Developing wind slabs, right side of Tuckerman Ravine

By Frank Carus

Date of Observation: January 1, 2020  1:00 PM
Location of Observation: SSE facing slope between Right Gully and Lobster Claw, 4800′, Tuckerman Ravine

Light to moderate snowfall, mostly rimed particles and full round graupel and blowing snow. 20-30mph+ in our location, 60-80mph westerly on the summit.
“Whumpfing” (x4) and shooting cracks observed. Surface wind slabs to 6″ were particularly reactive though the 24-36″ deep slab of new snow and lots of pooled graupel were of most concern. Icy bed surface was felt down up to 36″. We avoided all runouts and overhead hazards and skied the 30 degree slope.
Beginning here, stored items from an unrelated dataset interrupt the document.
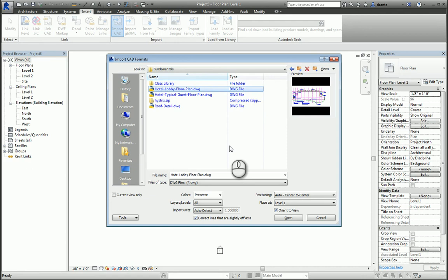If it's a 2D file, you want to ask yourself what kind of 2D file is it? Is it a floor plan? Is it an elevation? Is it a section? Is it a detail? And make sure you insert it into the proper view. So in this example, I'm going to be placing a 2D floor plan AutoCAD file into the level 1 view of the Revit model.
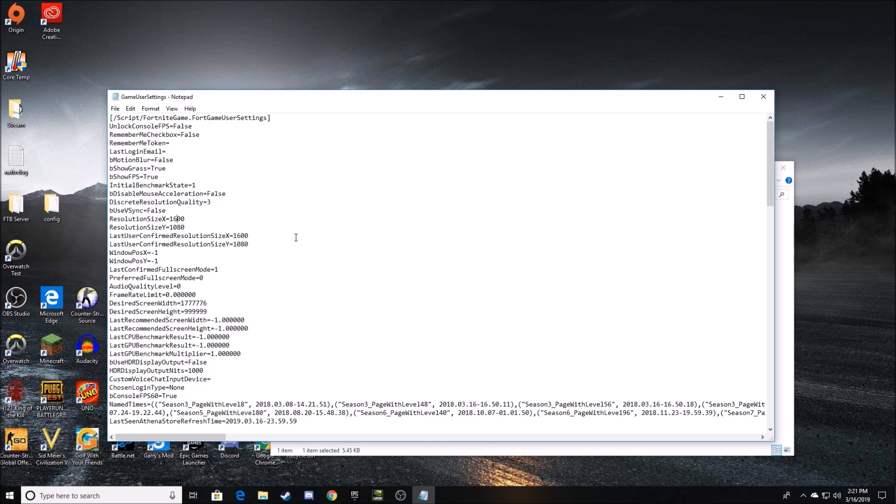For instance, my resolution I play on is 1600 by 1080. This really isn't stretched res, but it still feels like native, but it's just a little bit stretched to lower your FPS if you're having FPS issues, as well as if you're trying to make your targets look a little bit bigger.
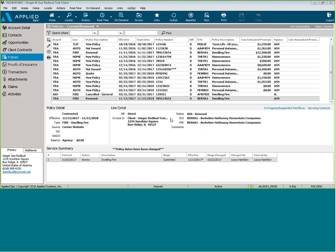If you have a policy in EPIC that you need to remove, if the stage is in process, you can just delete the policy. If the stage is submitted, then you need to not issue it.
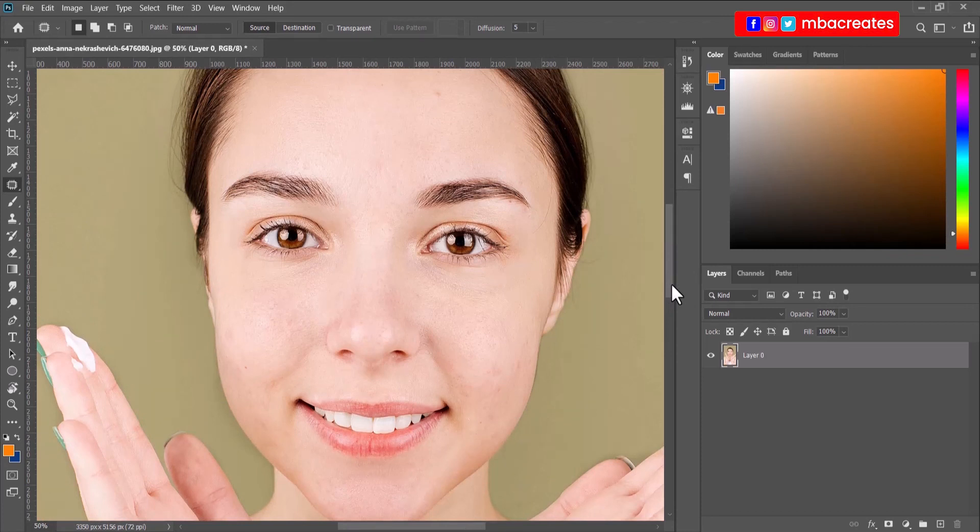So that is how we use the patch tool in fixing unwanted spots and blemishes on skin.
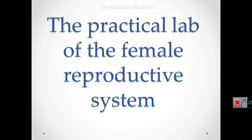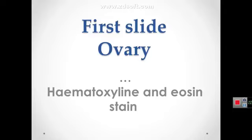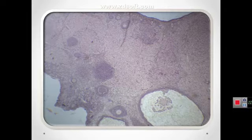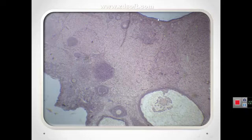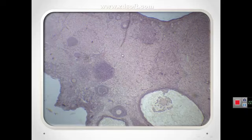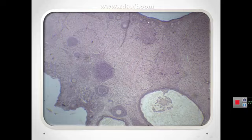Our topic today is about the female reproductive system. The first slide is a section in the ovary. Each ovary consists of the cortex and the medulla. The cortex is a region with a stroma of highly cellular connective tissue and many ovarian follicles.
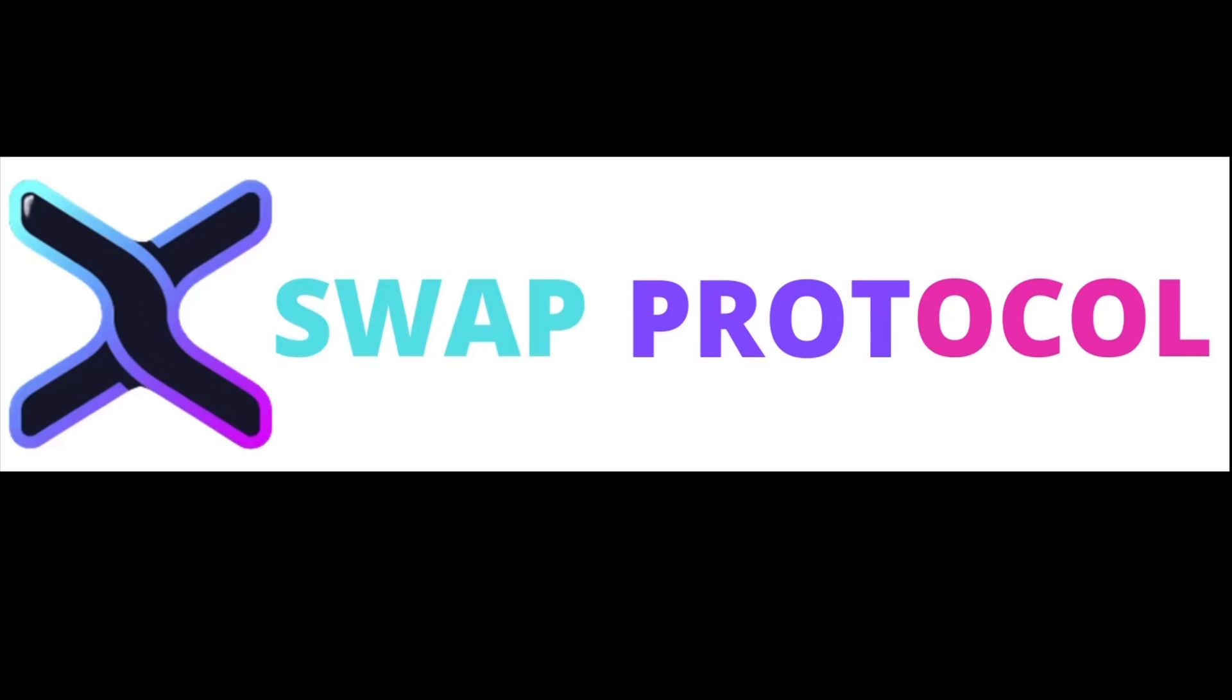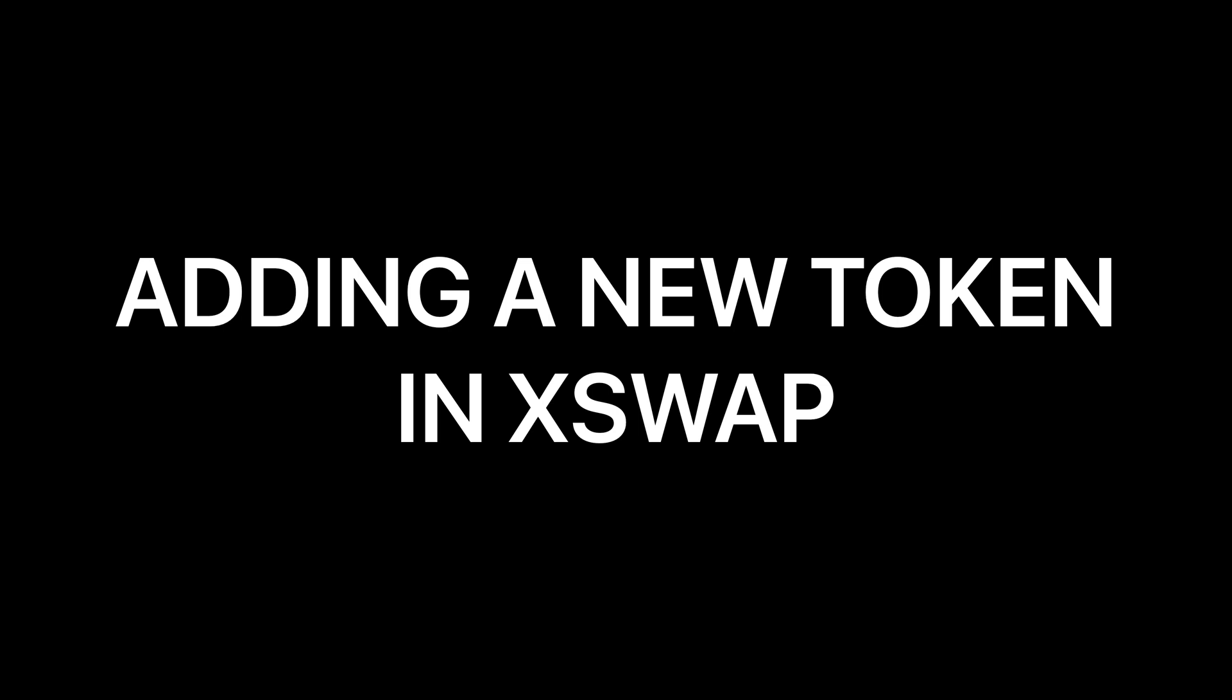Welcome to Xswap Protocol. Do you want to swap or add liquidity of a XRC20 token in Xswap but found out that it's not listed in the app yet? Look no further, I will show you how.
Snowpack observations are one part of the complex puzzle which is your decision to enter avalanche terrain. Some observations may include stability tests. It’s important to understand that the results of a stability tests are seldom conclusive anywhere, but particularly in snow climates and terrain like ours where the primary driver of instabilities is wind drifted snow. Many stability tests exist and each works best with specific avalanche problem types. Stability test results should never be used alone as an indication that a slope or conditions are safe particularly when more obvious red flags are present. Please use this page as part of your information gathering process, but don’t make decisions based on a single piece of information. A good article that summarizes some of the issues associated with snow and avalanche observations can be found here.

The Mount Washington Avalanche Center cannot verify the quality or accuracy of any observations that come from the general public.